Подозрение, что звание мне присвоили по ошибке и эта нелепость как-нибудь сама рассосется, я отвергла.
Не бывает таких ошибок.
— Майор Берг!
Министр, как всегда, обрадовался мне. Он был очень светским человеком, наш министр Колин Ронту. Он ликовал при встрече так, словно я была его любимой сестрой. Каждый раз, вызывая меня «на ковер», он сначала просматривал мое досье, чтобы быть в курсе последних новостей. Он сочувствовал мне изо всех сил.
И при этом мог дать реально смертельное задание.
Я сильно недолюбливала нашего министра.
Хотя как к специалисту у меня к нему претензий не было.
— Проходите, проходите, вот сюда, присаживайтесь. Сейчас я попрошу, чтобы нам подали чай… Или кофе? Боюсь, тот чай, каким меня снабжает государство, вас разочарует. Вы ведь недавно из Пекина, вот уж где чай так чай. Как вам понравился Шанхай? Ох, простите, нам всем надо отвыкать от жаргонных словечек. Большой Китай, конечно. Знаете, переговоры продвигаются, продвигаются, говорят, скоро будет официальное посольство… Прекрасно, я как министр могу только поддерживать… А что вы скажете?
— Пекин очень красив и гармоничен. Должна отметить, что в Большом Китае на промышленных планетах проводят куда более осмысленную градостроительную политику, чем это принято у нас.
Так. Куда он пошлет меня? Опять в Шанхай? Боже упаси. Только не туда. Понятно, что о нелегальной разведке и прочих опасных производствах речи не будет, да и консулом меня тоже вряд ли назначат, а вот резидентом посадить могут запросто. А я не хочу там работать.
— А что вы скажете о государстве? Вам оно не показалось чуждым?
Я несколько секунд размышляла: сказать как думаю или все-таки вежливо. Потом сообразила, что у меня плохое настроение и министра я недолюбливаю, а вот задай мне такой вопрос леди Памела, например, — я бы ответила очень тепло и подробно.
Правда, леди Памела работает дражайшей супругой Скотта Маккинби-старшего, а вовсе не военным министром.
— Господин министр, обитатели Шанхая — кстати, они сами даже между собой используют это жаргонное название — по происхождению такие же земляне, как и мы.
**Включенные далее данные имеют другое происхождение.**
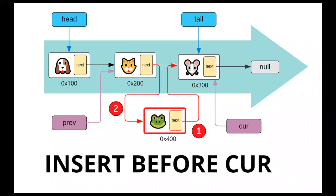In this lesson, we're going to implement the function to insert a new node before an existing node in a singly linked list using Python.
Почему их государство должно казаться чуждым?
— Но культурные различия…
— Они существовали и на Земле. Вы спросите любого китайца, родившегося в Федерации, много ли различий он видит между своей жизнью и укладом жизни в Шанхае. Скорей всего, вам скажут, что здесь жить в целом спокойней, но значительно трудней сохранять традиции и национальную идентичность. Там основная масса людей живет беднее, но зато сам строй быта для китайца понятней и ближе. Наше государство уделяет слишком мало внимания сохранению национальных культур.
— Вы считаете это ошибочной политикой?
— Я считаю, господин министр, раз уж вы спросили, что культура не берется ниоткуда. Она порождение специфического сочетания условий обитания и расовых физиологических особенностей.
— О, вы сторонник расовой теории?
— Я не политик, мне можно.
Министр засмеялся. Воркующе и дружелюбно.
— Я даже немного завидую вам, — сообщил он доверительным тоном. — Признаться, кое-что в этой теории кажется мне если не правильным, то хотя бы заслуживающим внимания. Но я совершенно не могу сказать о том так свободно, как это делаете вы. Но ведь условия обитания меняются?
— Зато изменения в менталитете, которые появились благодаря им, остаются. И сохраняются тысячелетиями. Человеку, лишенному возможности жить в согласии с требованиями своего менталитета, очень трудно. Он испытывает дискомфорт и даже душевную боль, не понимая причин своей дисгармонии с миром. Чтобы избавить людей от этих неприятных ощущений, надо сохранять национальные культуры. Разумеется, в рамках закона. Но если мы говорим о Китае, то их законодательство и мораль мало чем отличаются от наших. Даже жестокость китайского правосудия — вещь относительная. Я сама была свидетельницей некоторым ситуациям, которые совершенно невозможны у нас.